But Jeff Weaver is the reason that the last part of the Sanders campaign was such an utter damp squib: he, like Sanders, had a vision of a completely colorblind Democratic party which (by not-really-coincidence) is run entirely by elderly white men. He could not understand why he was losing despite winning the white part of the Democrats.

That coalition is dead, and will never occur again.

In the immediate aftermath of the Civil War, up until the first Jim Crow laws were established in the 1880s, black voters were solid Republicans. But it was always a weird fit: the Republicans were a sectional, mercantile party, while the Democrats were the party of basically farmers, immigrants, slavery, the poor, and the South. So, where black people could vote (the North, some Southern counties), they started voting for Democrats.

By the 1920s, the majority of the black vote, even in the South, was Democratic. It's easy to caricature this as being "voting against their own interests," but it really wasn't; their interests were very similar to those of the immigrant parts of the party as a whole. The rest of the party was what you might call "white working class," although white identity had not yet encompassed people like (for instance) the Irish and Italians.

This would have been completely stable except for the issue of civil rights. Which white voters in the South, and many in the north, were deeply, fundamentally opposed to. Everywhere but the South, elites were for it, rank-and-file voters were against it. And so in order to avoid breaking the party, the Democrats systematically blocked everything which might benefit black voters, all while pushing the most economically-left social policies in American history.

In 1968, when civil rights finally passed (with an extremely bipartisan vote) the party started rapidly shedding the white Southern voters which formed the core of its support. In 1964, Goldwater had explicitly made a play for racist Southerners. He didn't get them then, though. From that point forward, the Democrats began to lose the core of their support in the South.

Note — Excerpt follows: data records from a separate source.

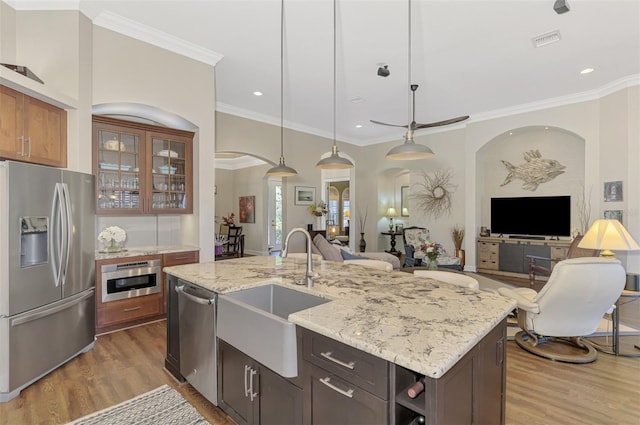 kitchen featuring sink, appliances with stainless steel finishes, pendant lighting, light stone countertops, and a kitchen island with sink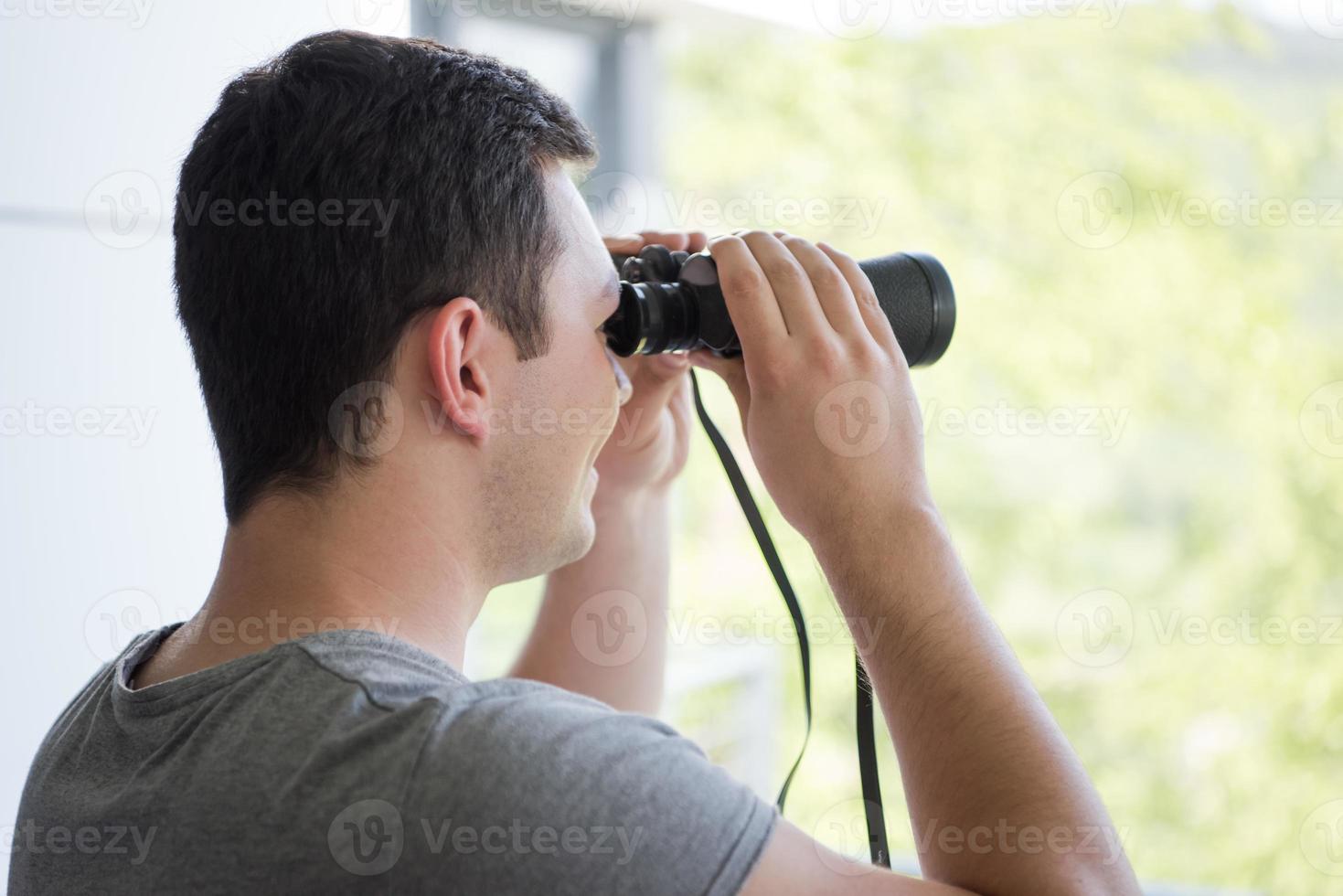 Man with binoculars photo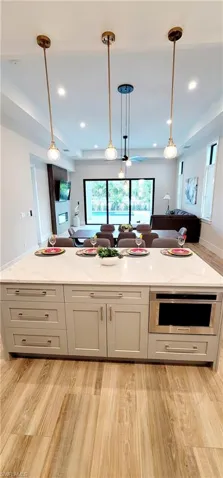 Kitchen featuring open floor plan, light stone counters, decorative light fixtures, light wood finished floors, and gray cabinetry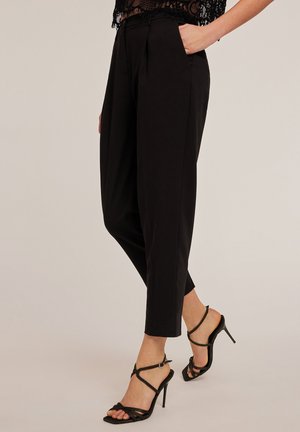 Pantalones negros ajustados con una cintura alta y pliegues, combinados con sandalias negras de tacón alto con tirantes. Textura suave y corte hasta el tobillo.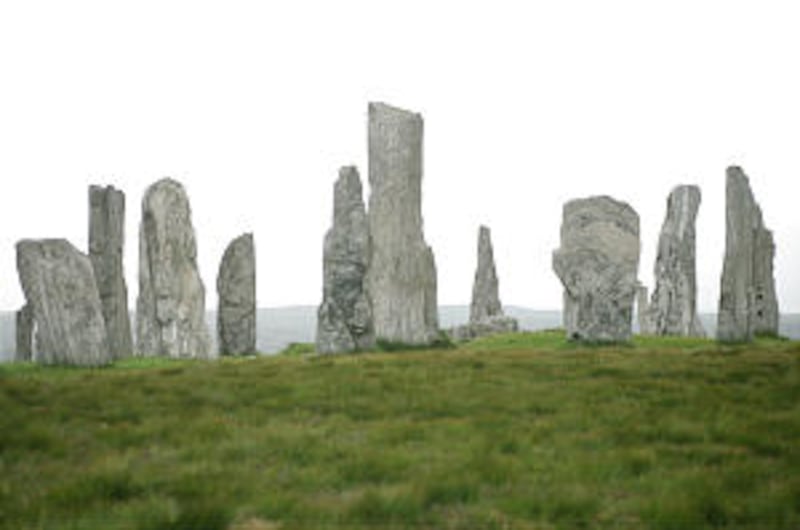 Callanish I, tall, silvery Lewisian gneiss stones positioned in circle and in rows and dating back t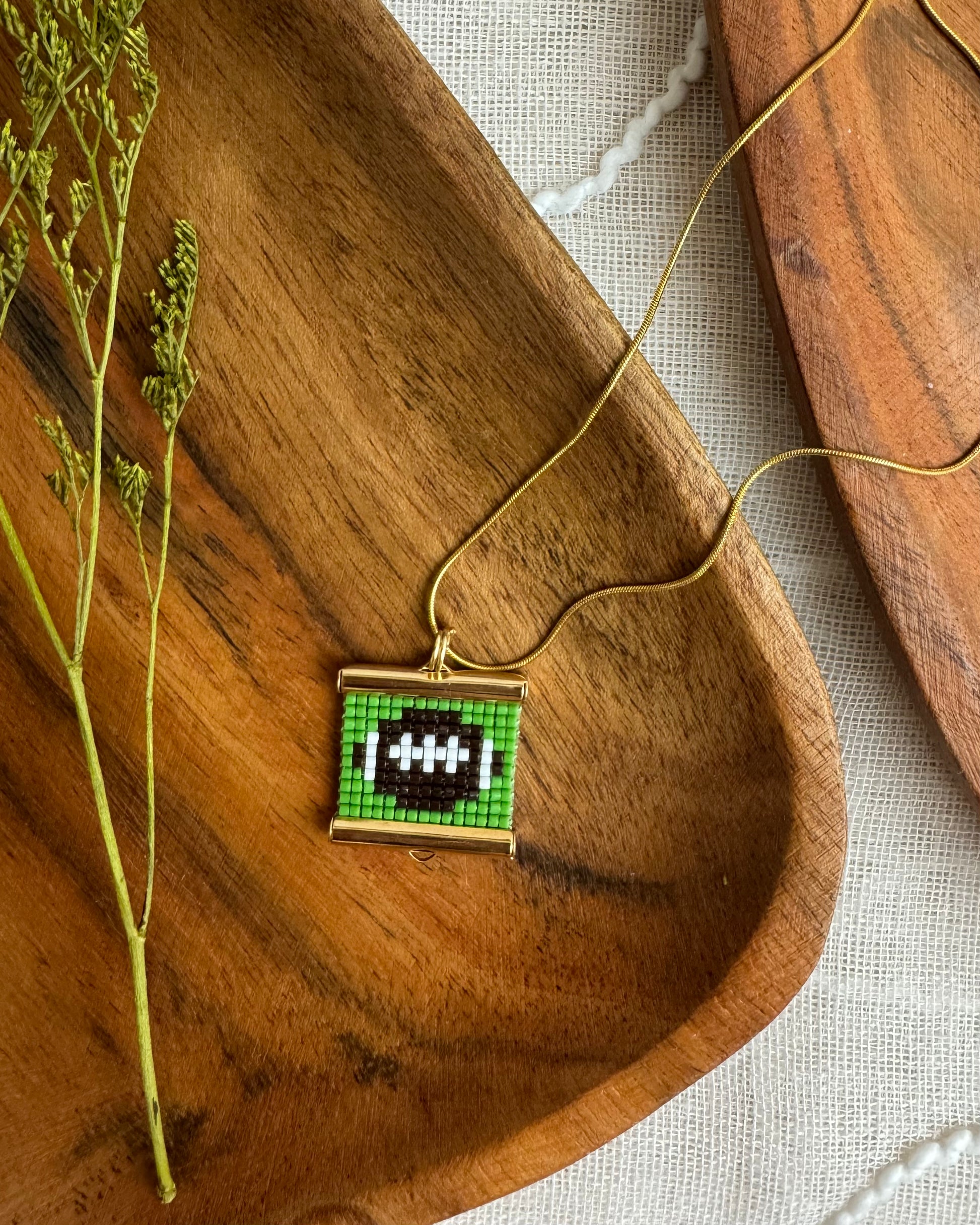 Necklace with a pixelated pendant on a wooden surface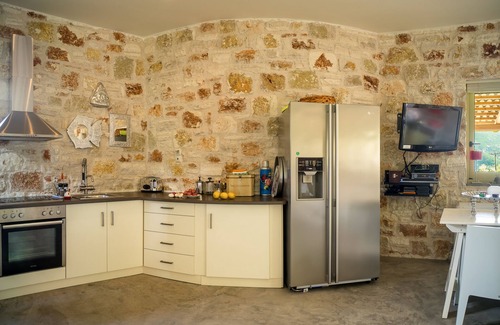 Evgiros Villa | Rose Tower Luxury stone tower villa in the middle of nature with stunning view.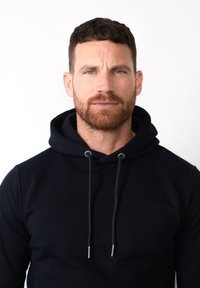 Sudadera marina hecha de una tela suave, con capucha ajustable y herrajes plateados en los extremos. Diseño ceñido con una textura lisa.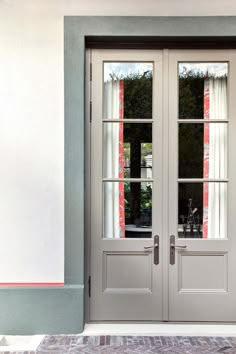 two double doors with sidelights and curtains in front of a white wall, on the outside of a house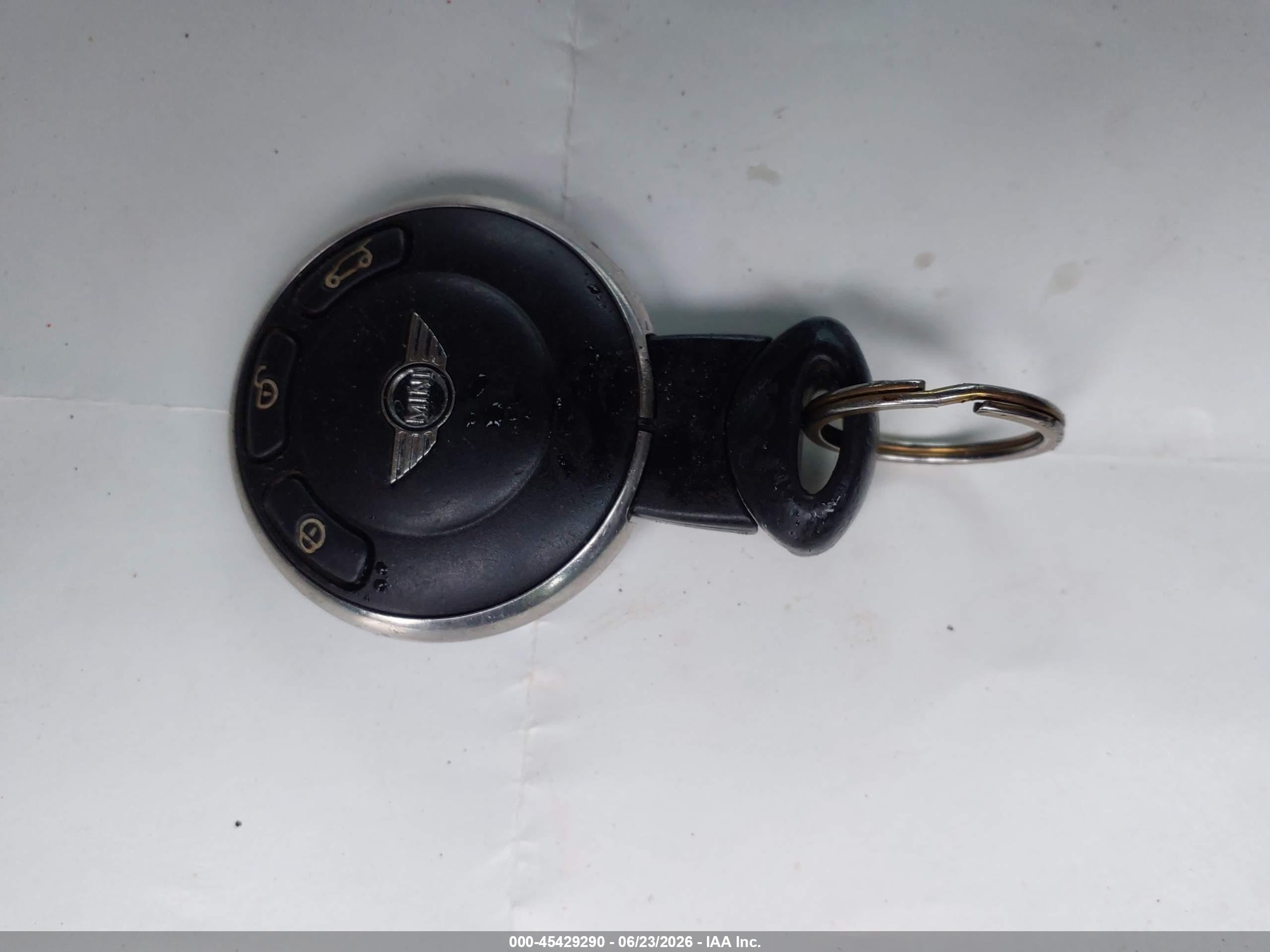 2009 Mini Cooper   Black vin: WMWMF33559TW73979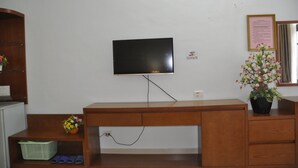 A room with a wooden desk, a television mounted on the wall, a small basket with a flower, and a potted plant.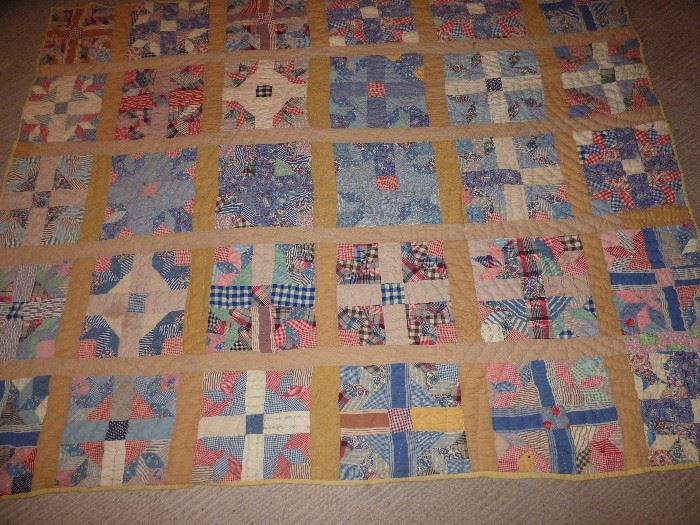 Vintage fabric hand stitched quilt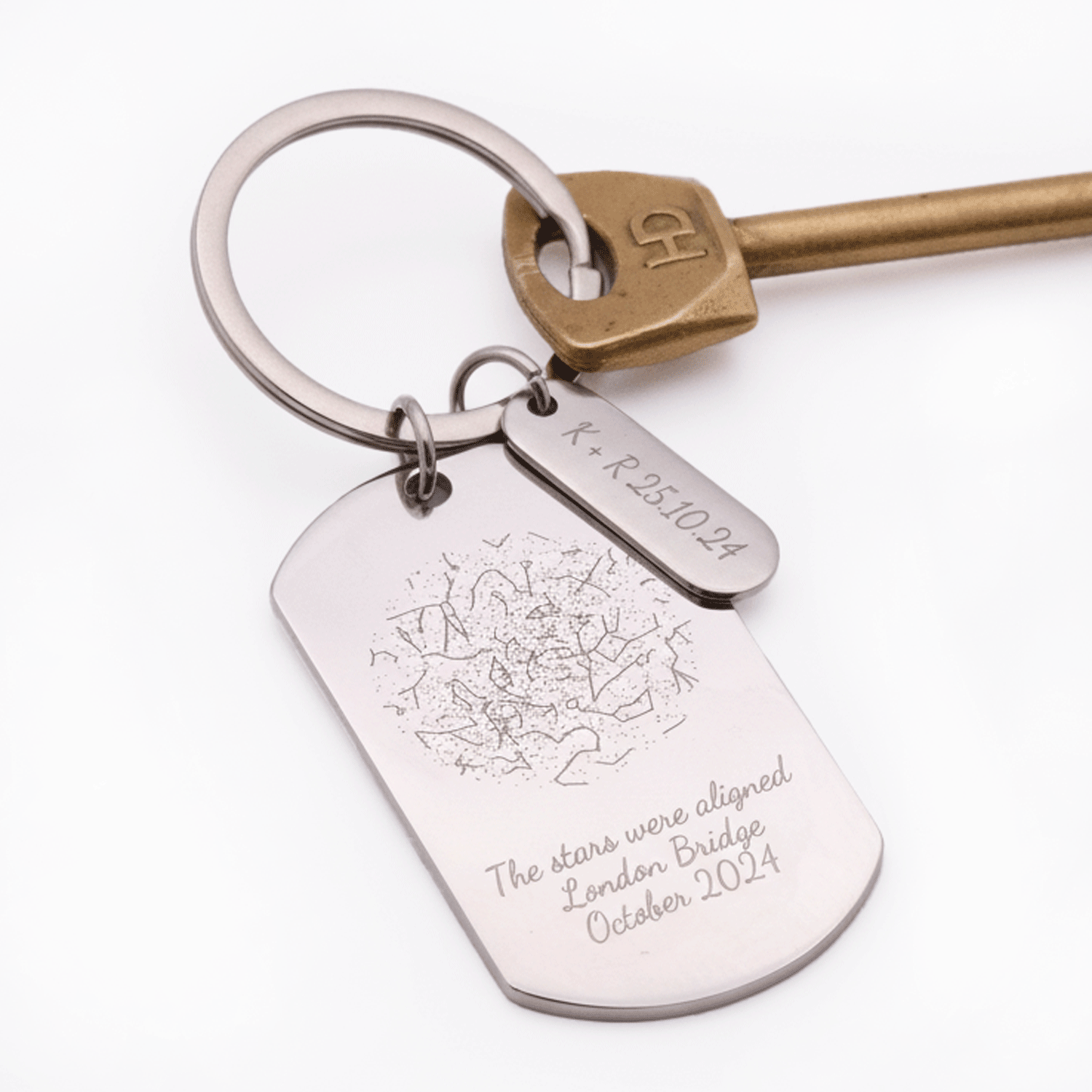 Keychain with engraved star map tag on a white background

The economic policy of the latter half of the 20th century is a direct result of poor white voters abandoning the Democratic Party because of civil rights. This came to a head much later than you might imagine: though the South started to switch to Republican control in 1968 (in terms of presidential elections), its House seats didn't fully switch over until 1994.

Minority voters have basically two choices given the present alignment of American boting vlocs: become an indispensible part of a majority-minority coalition with a relatively small number of college-educated white voters, or become a disposable part of a white-working-class populist coalition which might turn on them at any moment, and which historically has. Frequently.

This is not an enviable position to be in, but note that a white-working-class-based Democratic coalition would be as likely or more to elect a candidate like Trump than a candidate like Sanders. This is not a long-term recipe for tolerable policies.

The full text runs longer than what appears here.